*** Study material Section Begins ***

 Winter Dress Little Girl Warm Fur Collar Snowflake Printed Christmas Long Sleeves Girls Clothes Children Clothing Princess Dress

*** Study material Section Ends ***
*** Study material Section Begins ***

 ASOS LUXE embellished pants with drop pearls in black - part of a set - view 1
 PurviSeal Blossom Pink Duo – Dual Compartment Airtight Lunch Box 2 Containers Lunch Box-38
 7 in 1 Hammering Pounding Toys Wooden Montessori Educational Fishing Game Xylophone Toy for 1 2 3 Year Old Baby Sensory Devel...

*** Study material Section Ends ***

▶ **Work required**: Please copy the lines above from the line with "ASOS LUXE embellished" up to and including the line with "PurviSeal Blossom Pink", exactly as written and with nothing else.

▶ **Result of the task**:
 ASOS LUXE embellished pants with drop pearls in black - part of a set - view 1
 PurviSeal Blossom Pink Duo – Dual Compartment Airtight Lunch Box 2 Containers Lunch Box-38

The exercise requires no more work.